- _EXERCISE_
Only one span of the material below is wanted. Output it exactly, from the line with "Saigon By Night" through the line with "Dua Lembaga di", without any pictures.

- _MATERIALS PROVIDED_
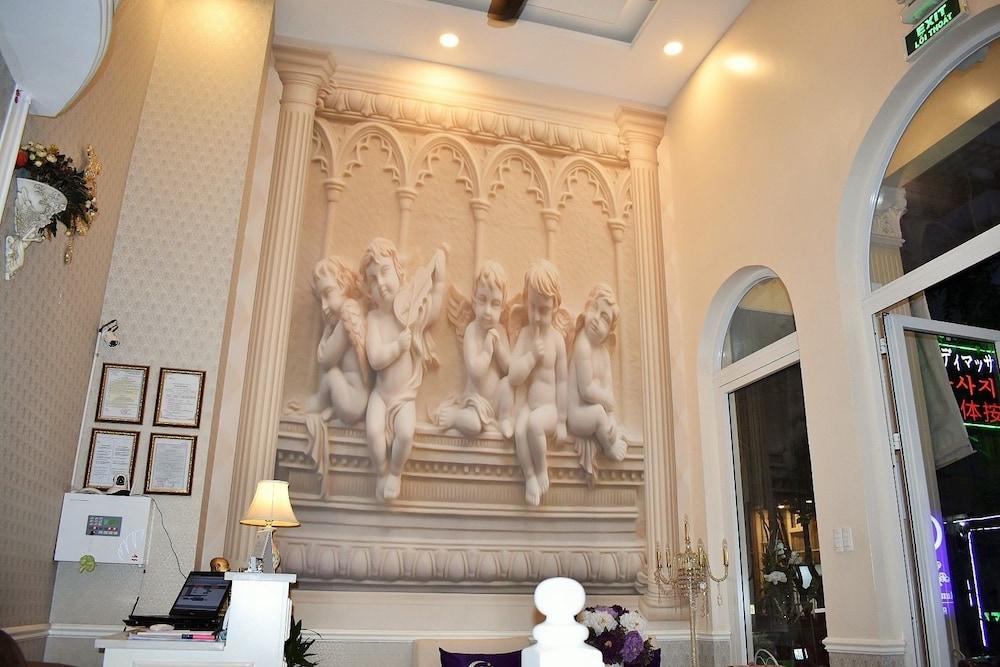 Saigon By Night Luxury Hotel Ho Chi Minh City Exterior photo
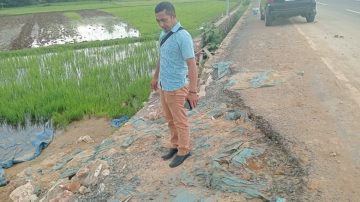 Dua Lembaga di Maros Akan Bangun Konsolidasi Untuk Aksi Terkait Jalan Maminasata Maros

--

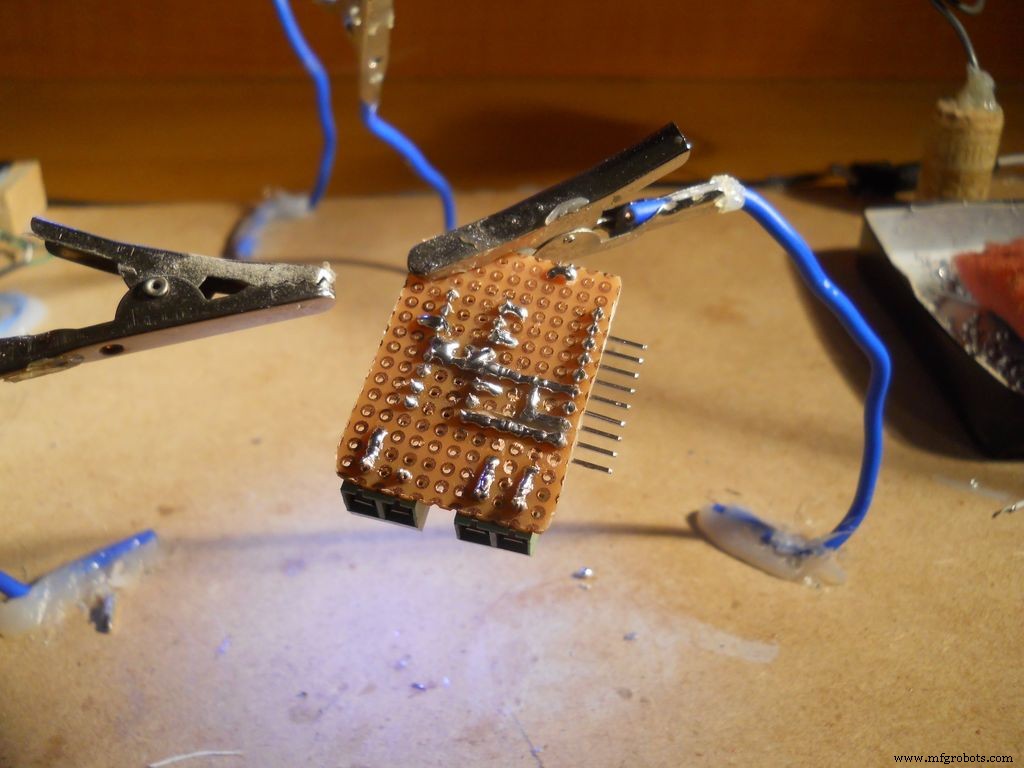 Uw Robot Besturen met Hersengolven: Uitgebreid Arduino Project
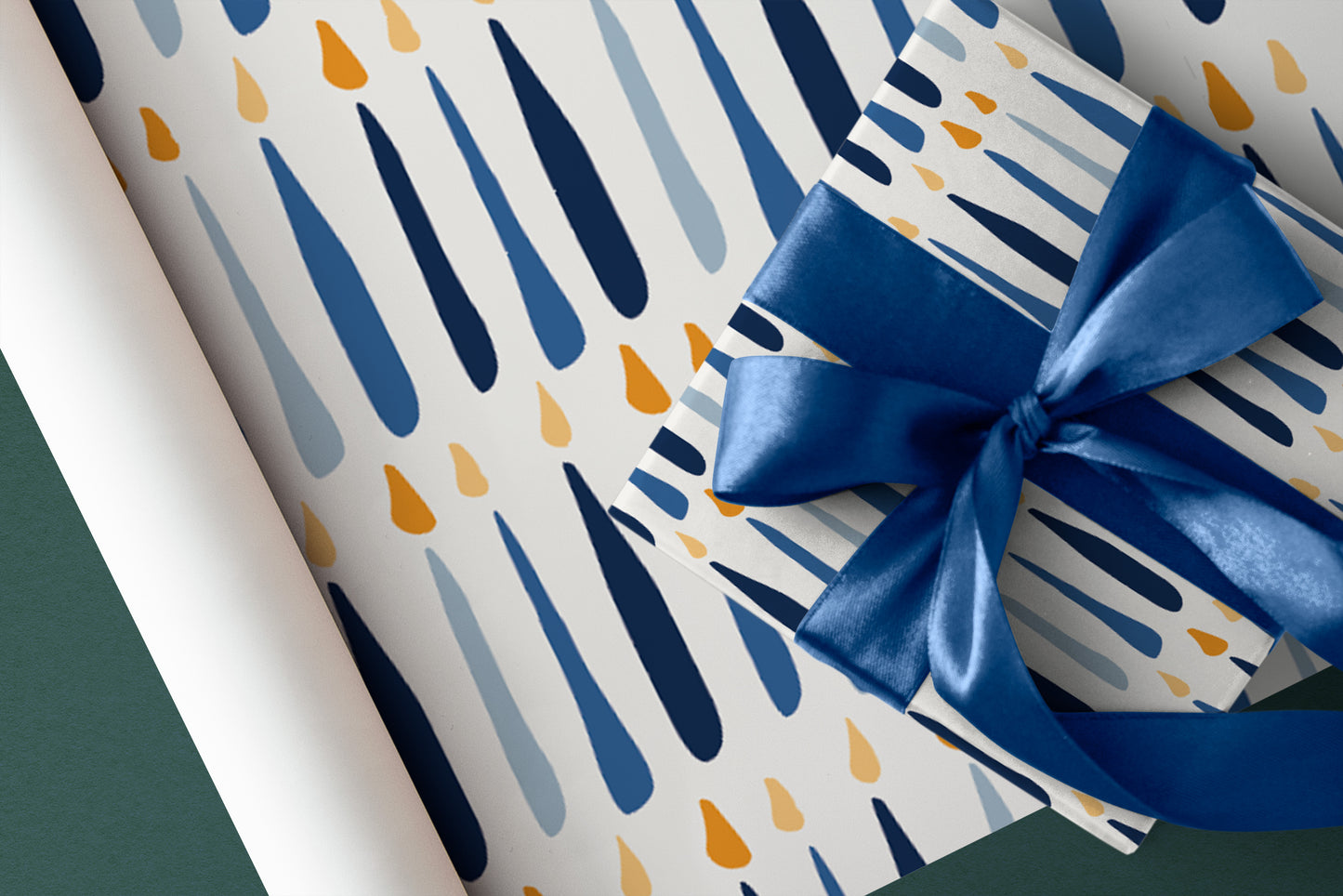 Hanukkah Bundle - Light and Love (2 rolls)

- _TASK RESPONSE_
 Saigon By Night Luxury Hotel Ho Chi Minh City Exterior photo
 Dua Lembaga di Maros Akan Bangun Konsolidasi Untuk Aksi Terkait Jalan Maminasata Maros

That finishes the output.